WHAT TO PRODUCE. Below are several entries. Transcribe exactly those lines that fall from the one with "Janelle Monae singing" through the one with "Tour privato di", end lines included.

ENTRIES PROVIDED.
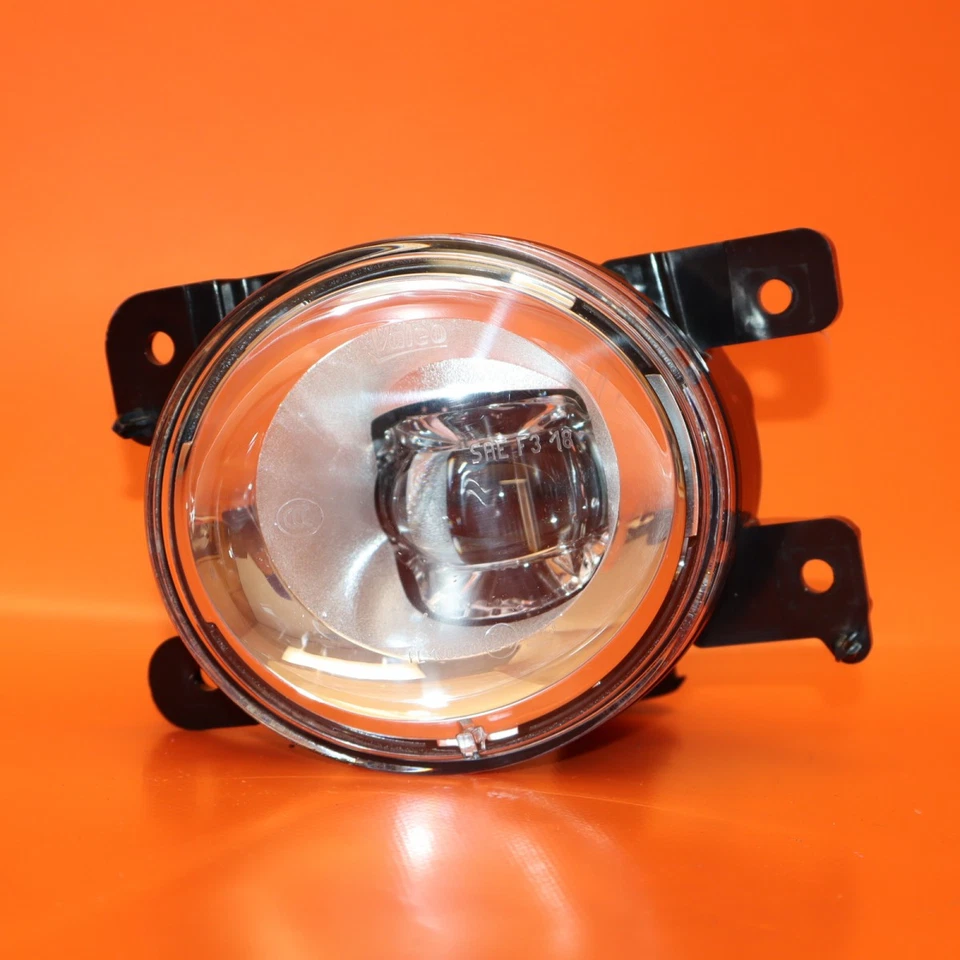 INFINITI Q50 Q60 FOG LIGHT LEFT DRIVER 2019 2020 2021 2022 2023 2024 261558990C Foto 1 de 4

...

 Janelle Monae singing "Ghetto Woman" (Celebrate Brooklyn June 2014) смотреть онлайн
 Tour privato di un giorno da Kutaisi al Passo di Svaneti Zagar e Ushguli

FINISHED TASK.
 Janelle Monae singing "Ghetto Woman" (Celebrate Brooklyn June 2014) смотреть онлайн
 Tour privato di un giorno da Kutaisi al Passo di Svaneti Zagar e Ushguli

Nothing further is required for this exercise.